··· Input data
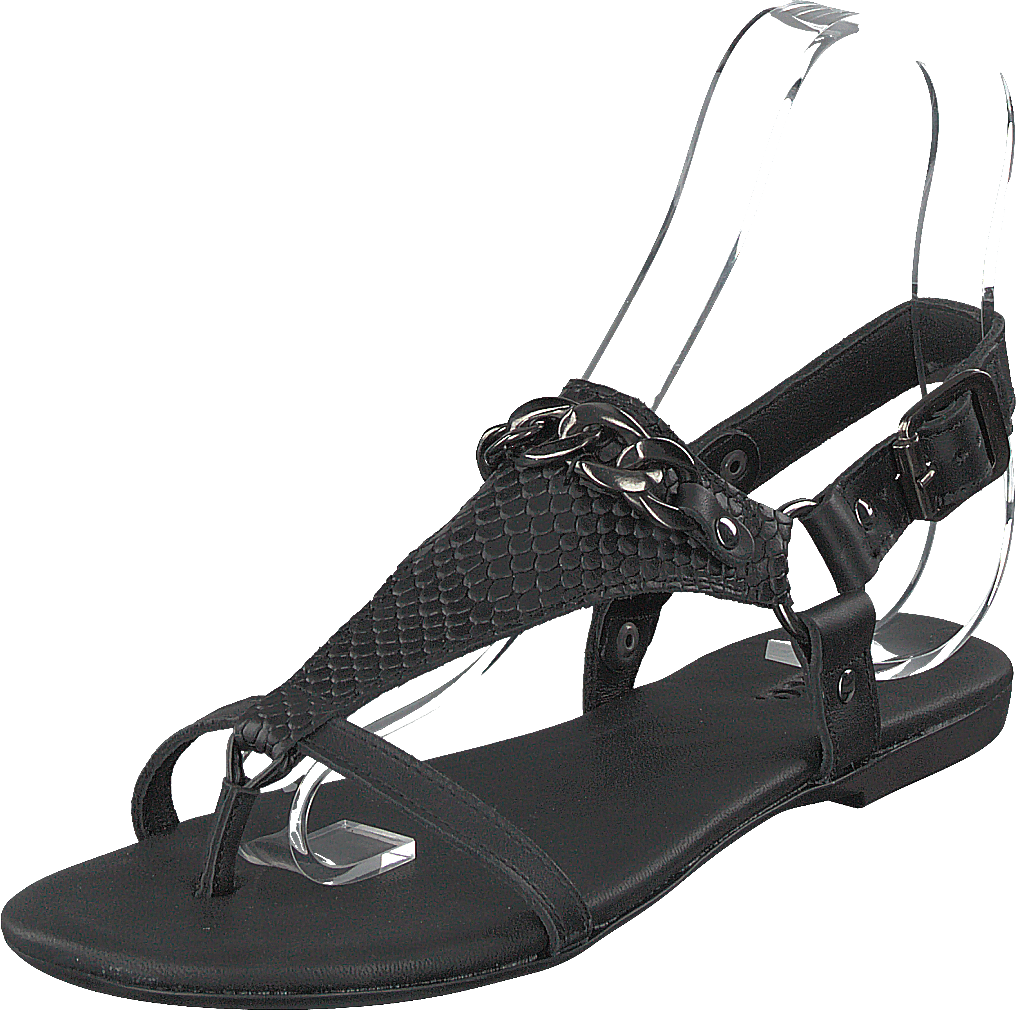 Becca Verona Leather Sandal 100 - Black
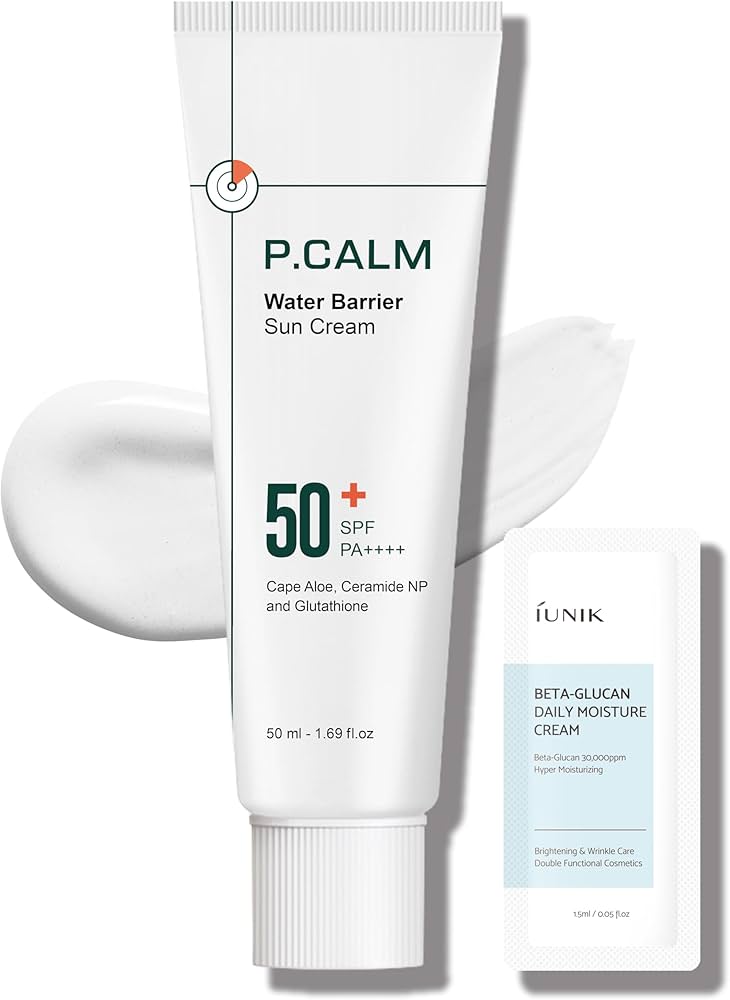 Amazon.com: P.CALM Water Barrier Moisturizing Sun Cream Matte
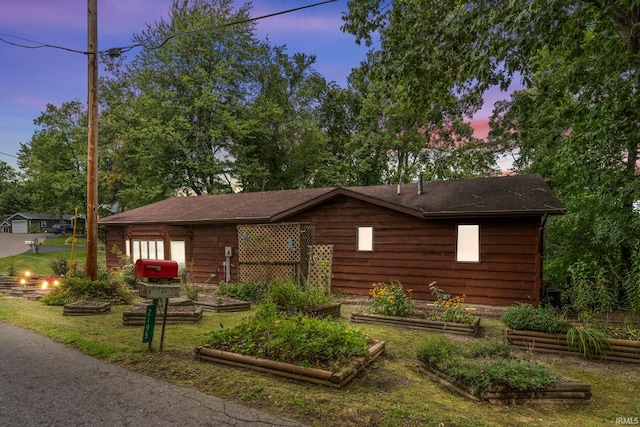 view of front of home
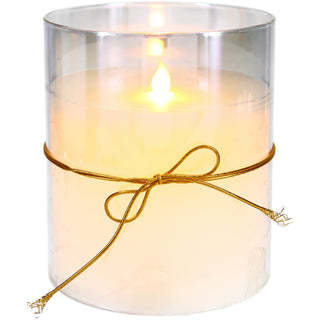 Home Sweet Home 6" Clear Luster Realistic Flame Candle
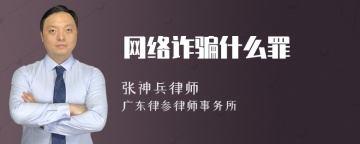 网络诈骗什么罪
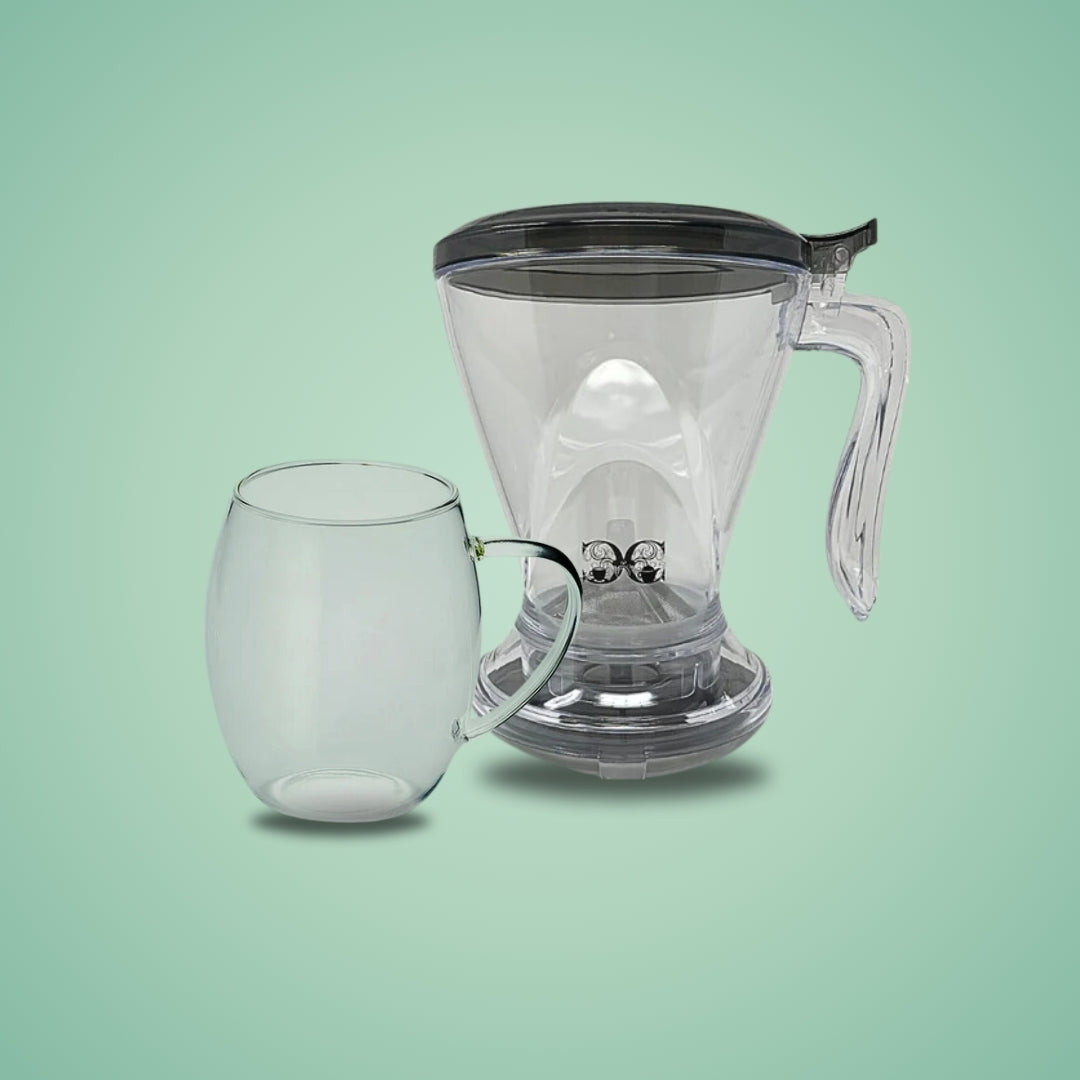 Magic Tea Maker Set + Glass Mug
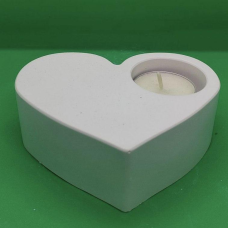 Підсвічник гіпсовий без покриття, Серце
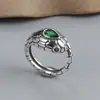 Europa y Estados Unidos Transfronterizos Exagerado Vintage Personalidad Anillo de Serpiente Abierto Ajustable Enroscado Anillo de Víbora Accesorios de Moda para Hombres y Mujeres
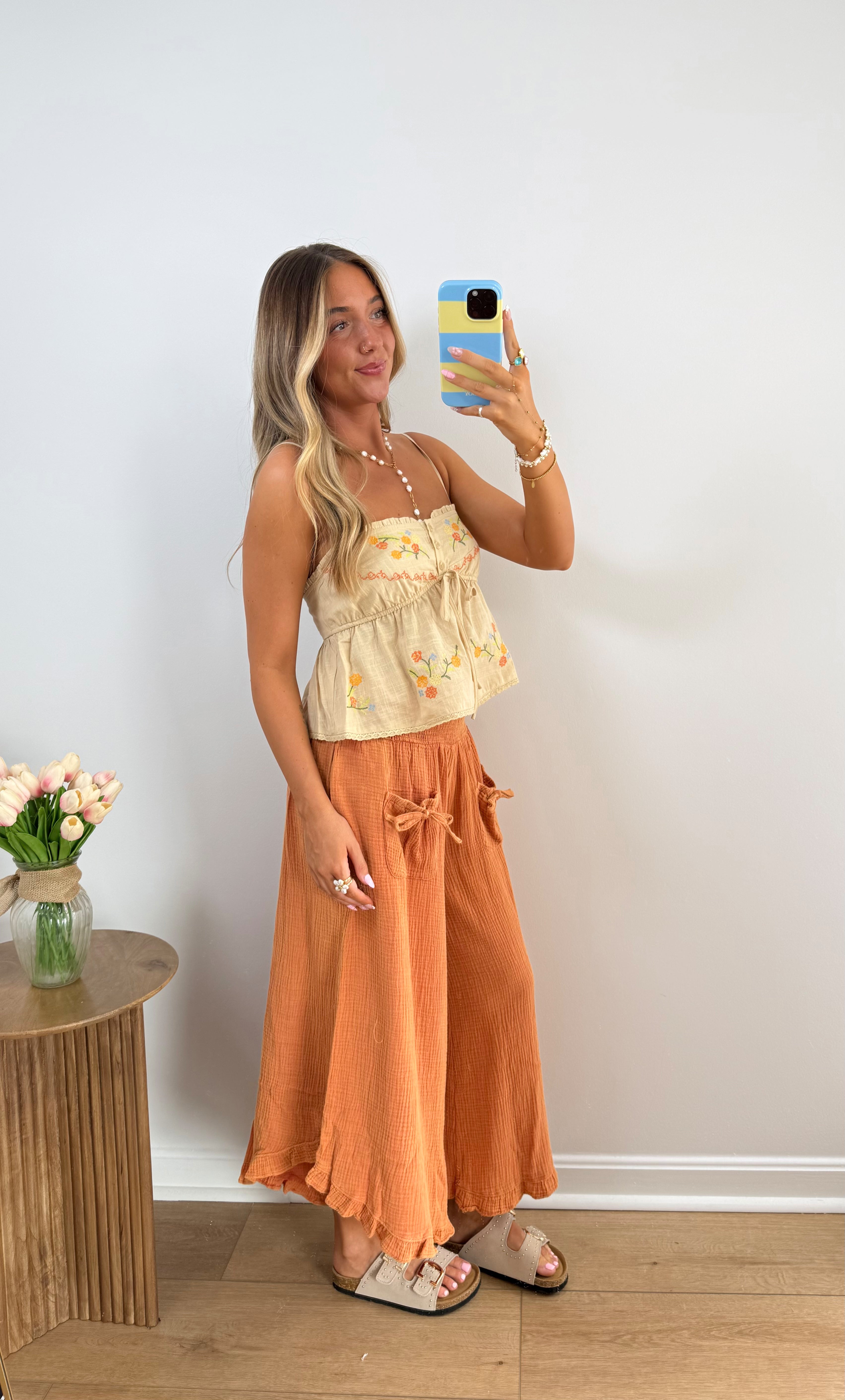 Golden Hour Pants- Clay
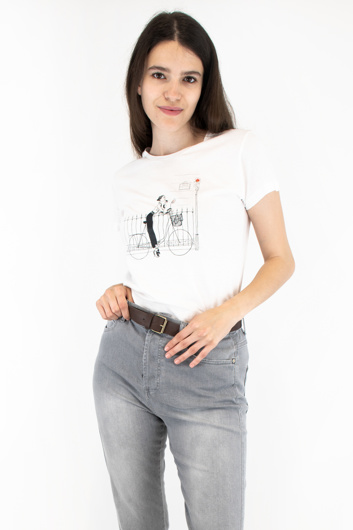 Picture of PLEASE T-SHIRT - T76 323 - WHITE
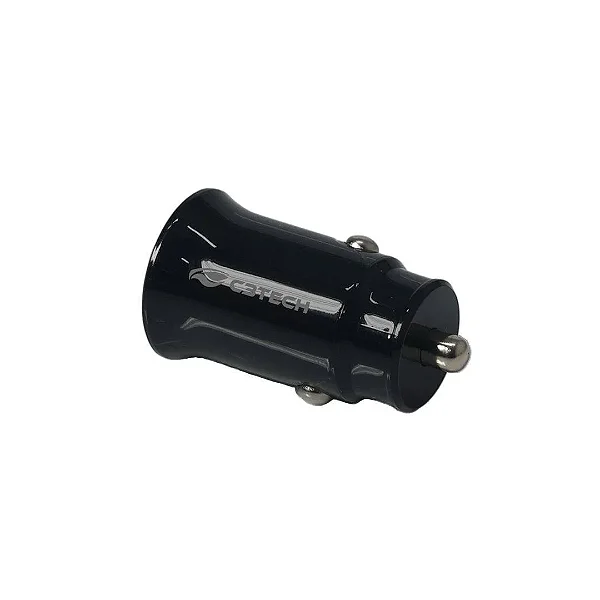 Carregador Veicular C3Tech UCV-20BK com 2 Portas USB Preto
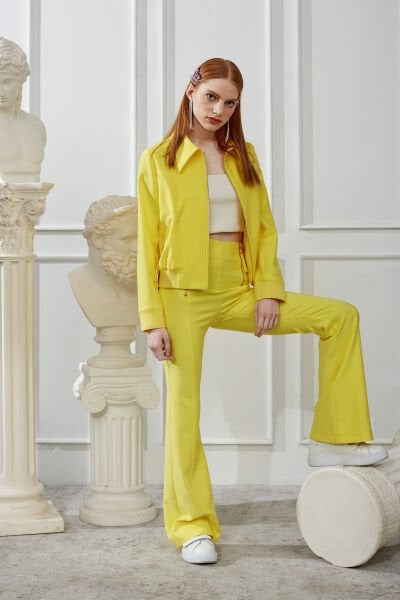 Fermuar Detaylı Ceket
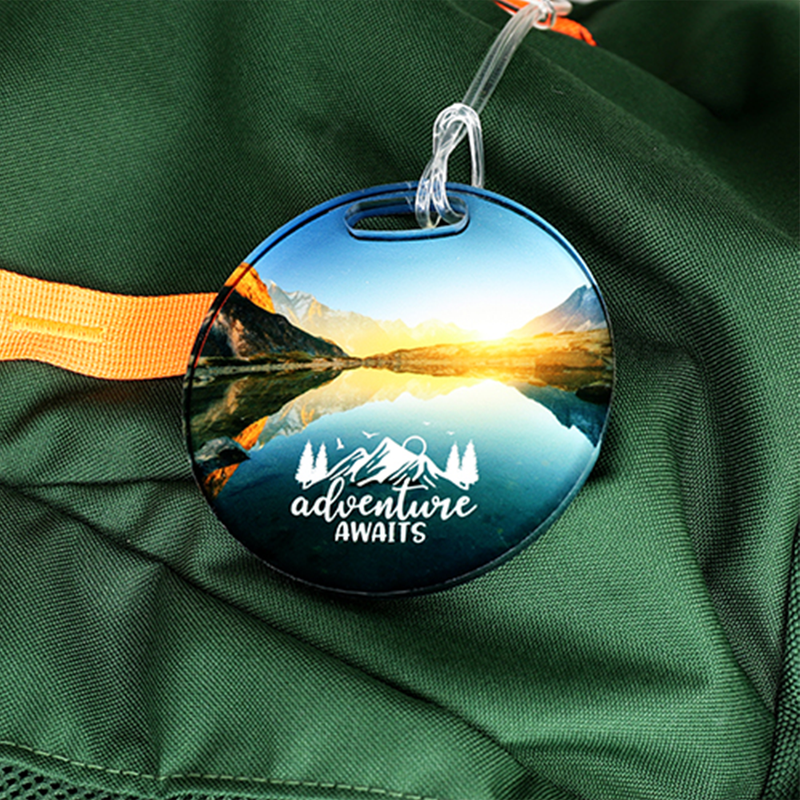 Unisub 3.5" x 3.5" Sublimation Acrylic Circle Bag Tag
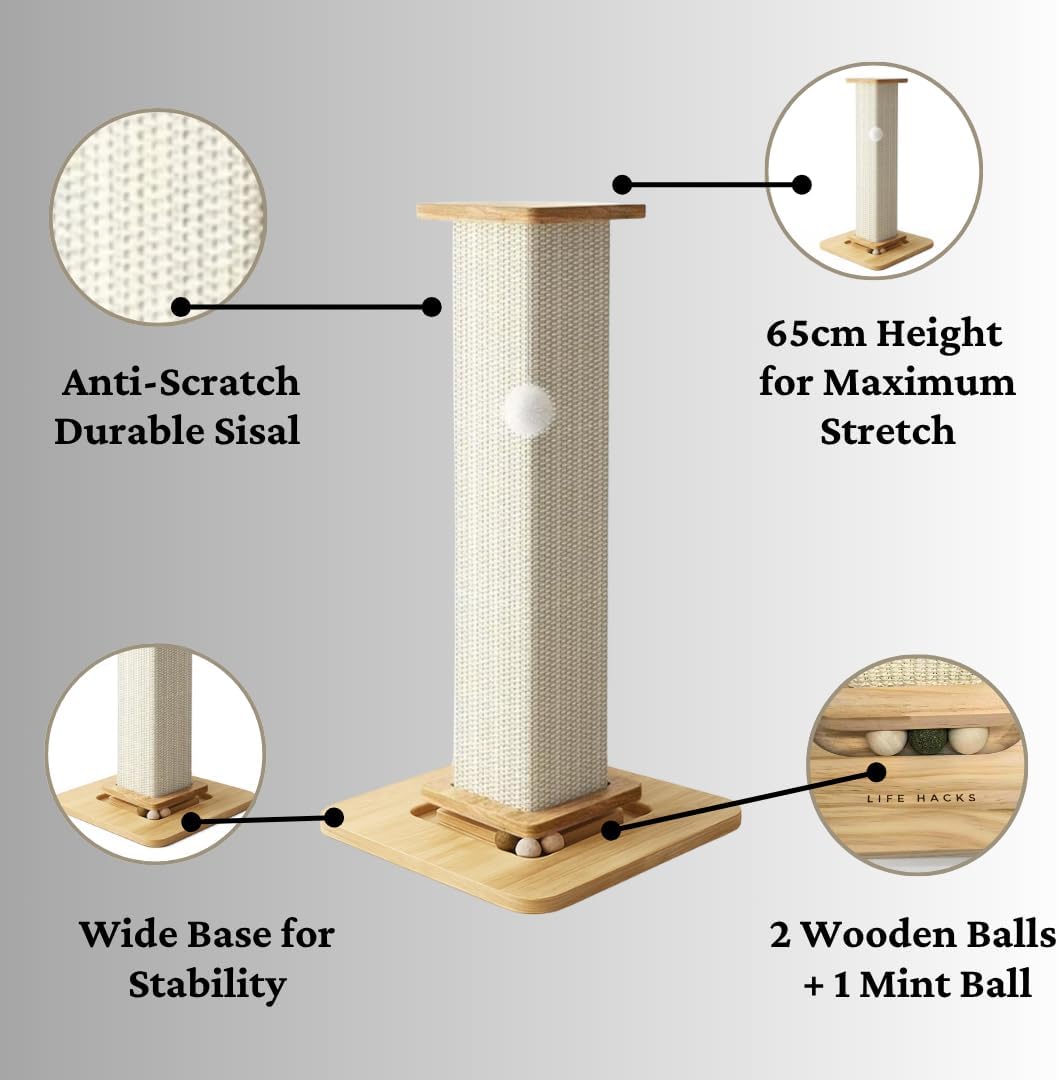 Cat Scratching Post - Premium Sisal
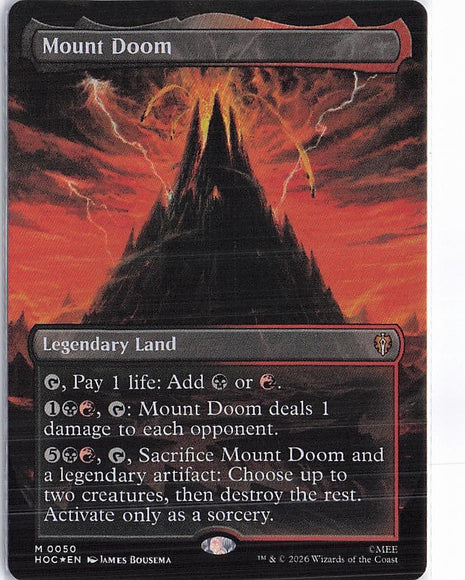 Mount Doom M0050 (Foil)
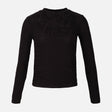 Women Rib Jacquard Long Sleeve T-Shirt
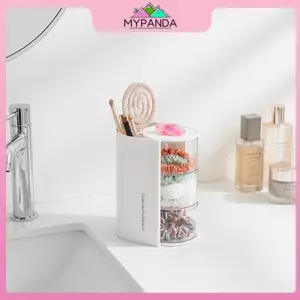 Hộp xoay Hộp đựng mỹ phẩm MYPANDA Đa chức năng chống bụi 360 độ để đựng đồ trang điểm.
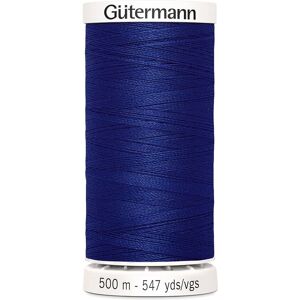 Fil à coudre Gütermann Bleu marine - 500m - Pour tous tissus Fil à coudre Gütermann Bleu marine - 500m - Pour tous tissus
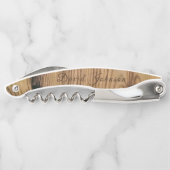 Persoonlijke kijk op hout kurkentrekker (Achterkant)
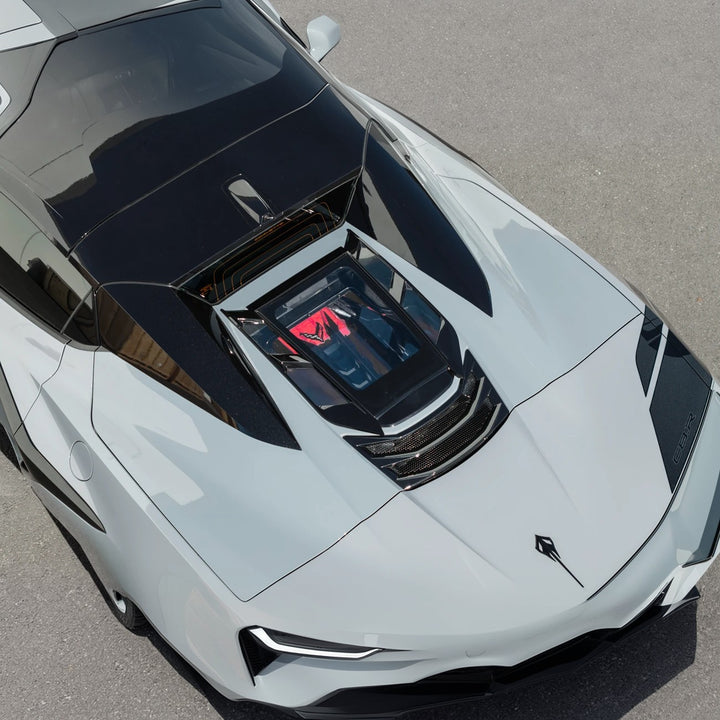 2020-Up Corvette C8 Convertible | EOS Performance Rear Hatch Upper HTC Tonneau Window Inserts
······
▸ **What you should do**
An exact copy of the whole listing is required, minus the pictures.

▸ **Solution**
 Becca Verona Leather Sandal 100 - Black
 Amazon.com: P.CALM Water Barrier Moisturizing Sun Cream Matte
 view of front of home
 Home Sweet Home 6" Clear Luster Realistic Flame Candle
 网络诈骗什么罪
 Magic Tea Maker Set + Glass Mug
 Підсвічник гіпсовий без покриття, Серце
 Europa y Estados Unidos Transfronterizos Exagerado Vintage Personalidad Anillo de Serpiente Abierto Ajustable Enroscado Anillo de Víbora Accesorios de Moda para Hombres y Mujeres
 Golden Hour Pants- Clay
 Picture of PLEASE T-SHIRT - T76 323 - WHITE
 Carregador Veicular C3Tech UCV-20BK com 2 Portas USB Preto
 Fermuar Detaylı Ceket
 Unisub 3.5" x 3.5" Sublimation Acrylic Circle Bag Tag
 Cat Scratching Post - Premium Sisal
 Mount Doom M0050 (Foil)
 Women Rib Jacquard Long Sleeve T-Shirt
 Hộp xoay Hộp đựng mỹ phẩm MYPANDA Đa chức năng chống bụi 360 độ để đựng đồ trang điểm.
 Fil à coudre Gütermann Bleu marine - 500m - Pour tous tissus Fil à coudre Gütermann Bleu marine - 500m - Pour tous tissus
 Persoonlijke kijk op hout kurkentrekker (Achterkant)
 2020-Up Corvette C8 Convertible | EOS Performance Rear Hatch Upper HTC Tonneau Window Inserts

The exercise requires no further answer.